→ **Exercise brief**: Reproduce verbatim the line containing "I have entered" and every line that follows it through the end of the entries below, omitting all pictures.

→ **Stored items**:

^^^^^^^^^^^^^^^^

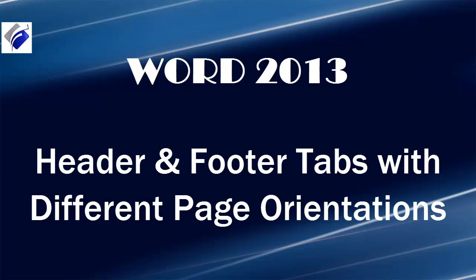Hi, Michelle Zeitz here. You're watching the lesson on header and footer tabs with different page orientations.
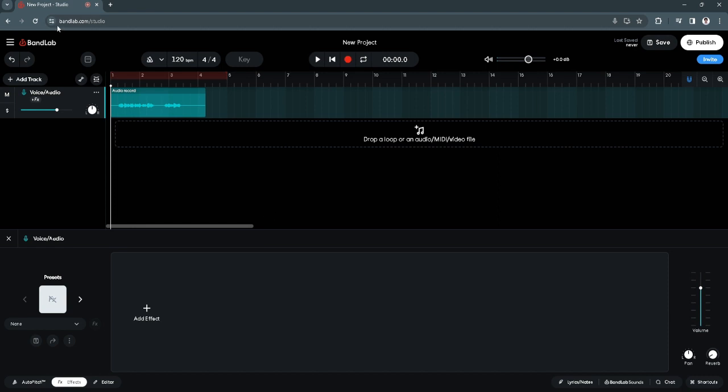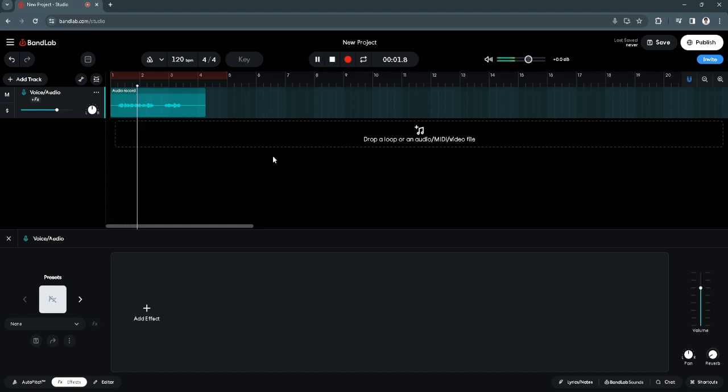First, you want to go to bandlab.com and go to your project. You want to create a new project or simply edit your current project. So as you can see right here, this is my voice, my unedited voice. So let's try to play it. So this will be the sample recording that I will show you.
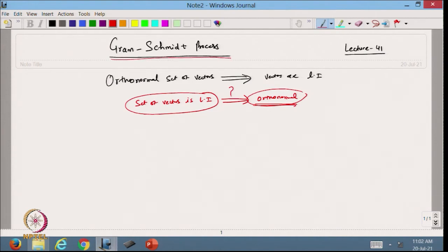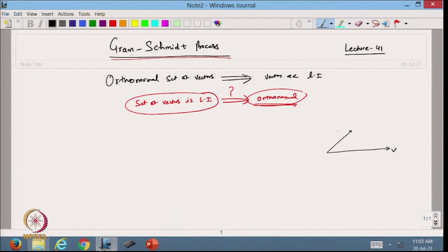Before going into the Gram-Schmidt process, we will discuss a few concepts about projection. Suppose I have a vector V and another vector U. If I take the dot product U dot V, then this can be written as the magnitude of U times the magnitude of V times cos theta.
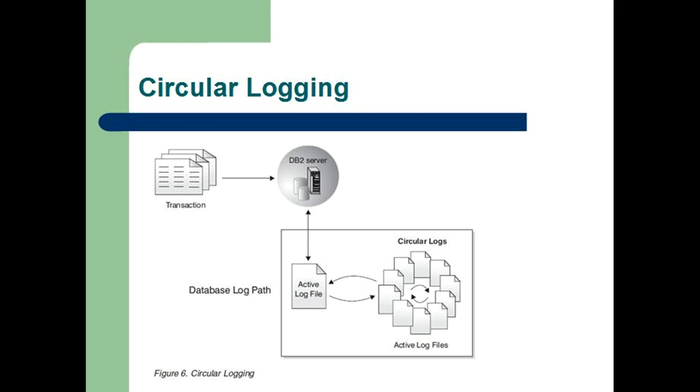Circular logging does not allow you to roll a database forward through transactions performed after the last full backup operation. All changes occurring since the last backup operation are lost.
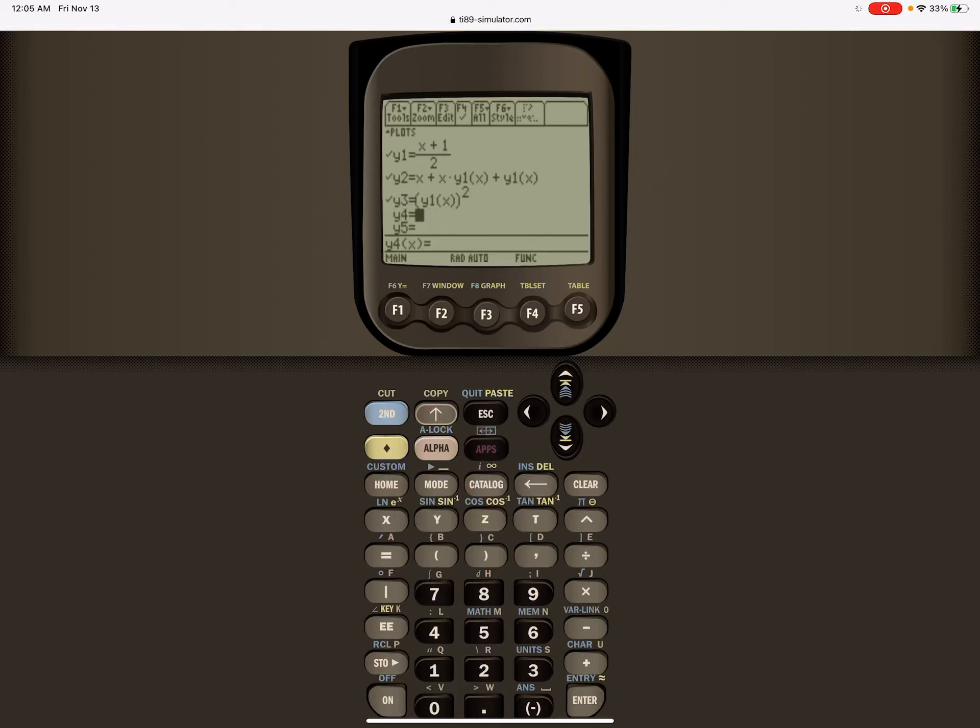I have entered what we solved for y for the one equation in y1, so x plus 1 over 2.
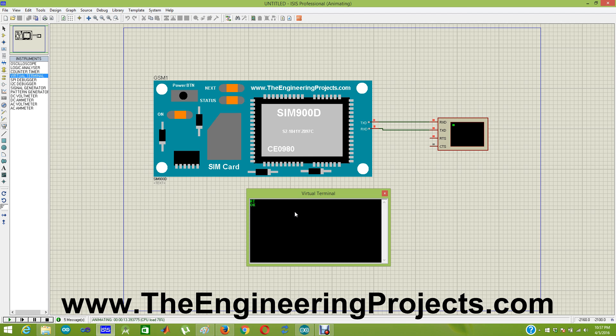Now I am going to convert my module to text messages mode. So I am going to send AT+CMGF=1 and it has replied me OK. So now my module has converted to text messages.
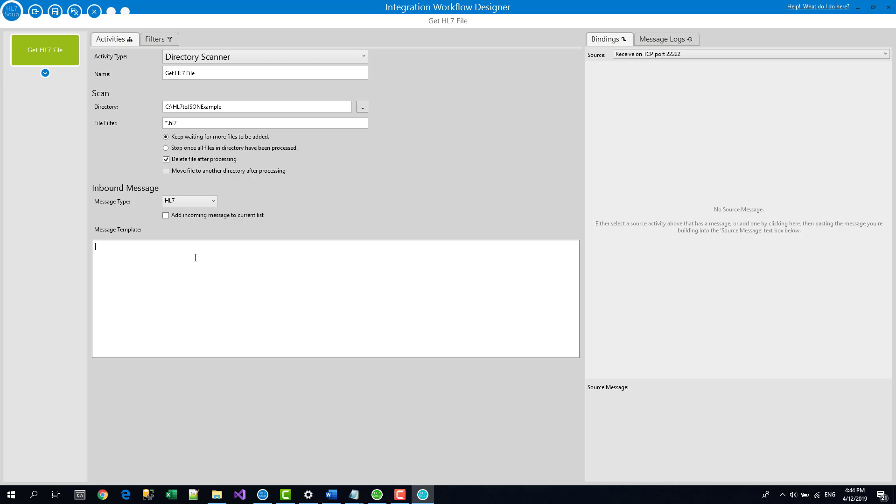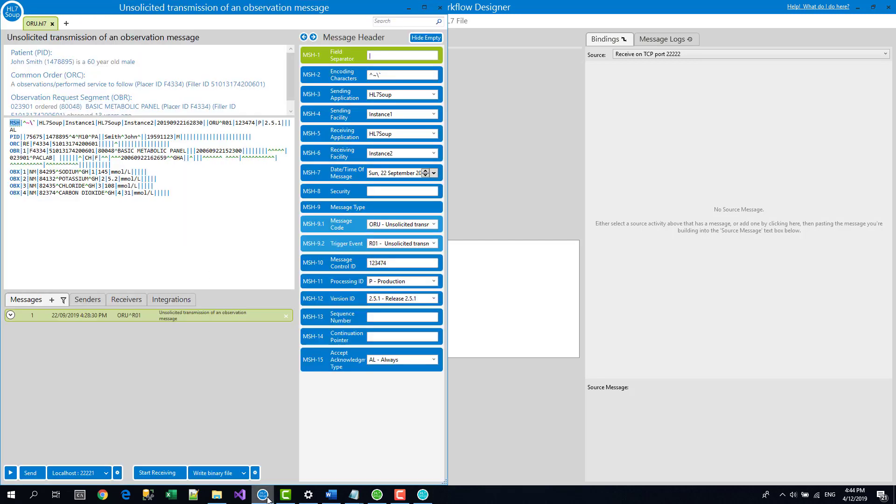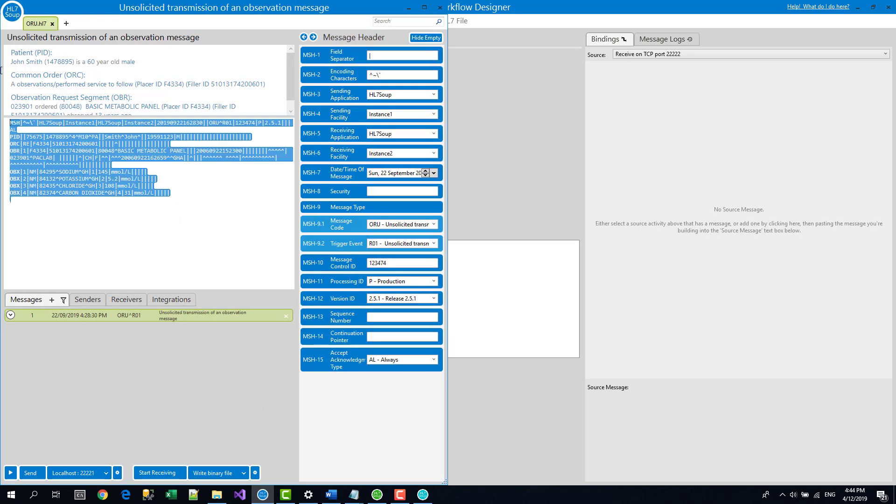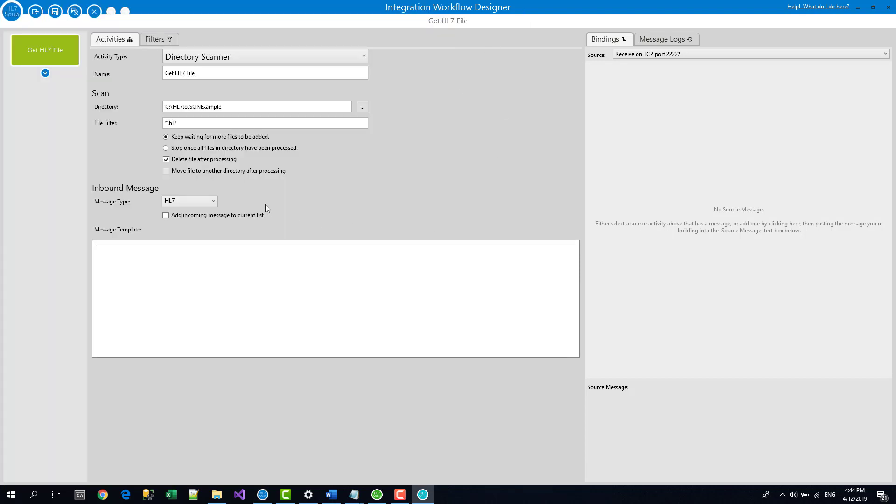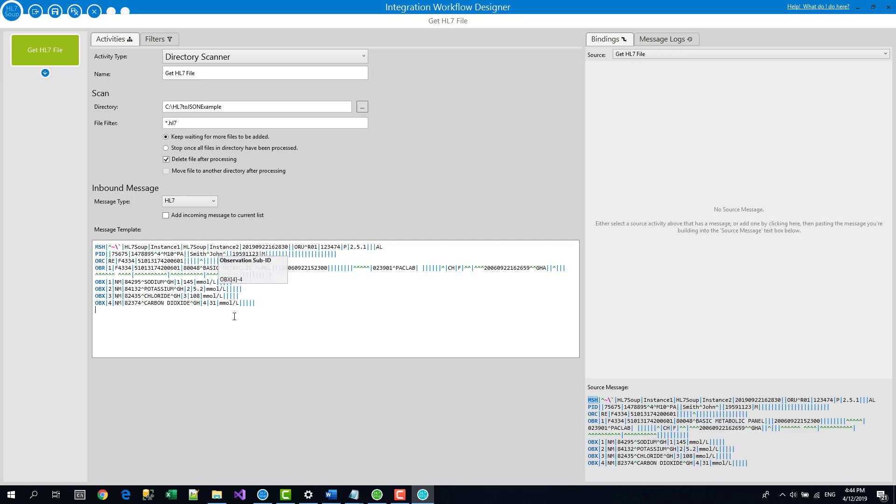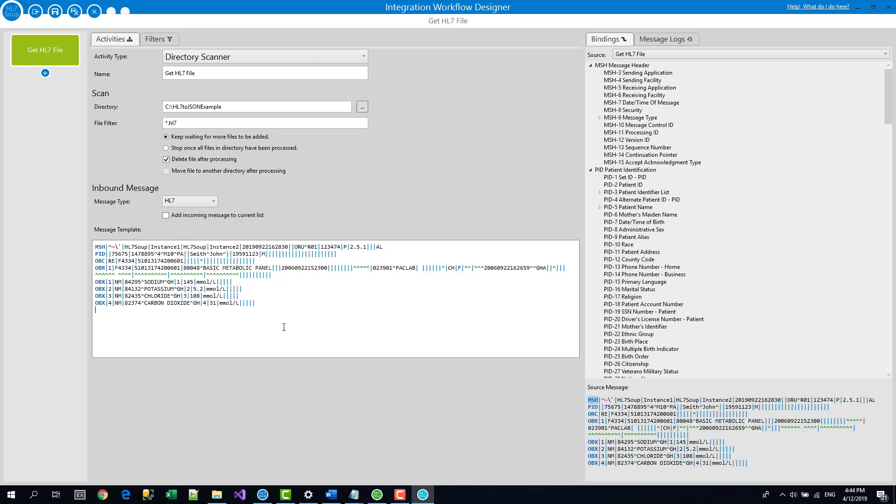The message type that we've got coming in is an HL7 file. And finally, we need a message template. Now, the message template is just an example of what that message is going to look like. So I actually have this one, which I prepared earlier. This is just taken from the HL7 Soup editor's sample files and I'll paste it in here.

^^^^^^^^^^^^^^^^

→ **Task answer**:
I have entered what we solved for y for the one equation in y1, so x plus 1 over 2.
Now I am going to convert my module to text messages mode. So I am going to send AT+CMGF=1 and it has replied me OK. So now my module has converted to text messages.
The message type that we've got coming in is an HL7 file. And finally, we need a message template. Now, the message template is just an example of what that message is going to look like. So I actually have this one, which I prepared earlier. This is just taken from the HL7 Soup editor's sample files and I'll paste it in here.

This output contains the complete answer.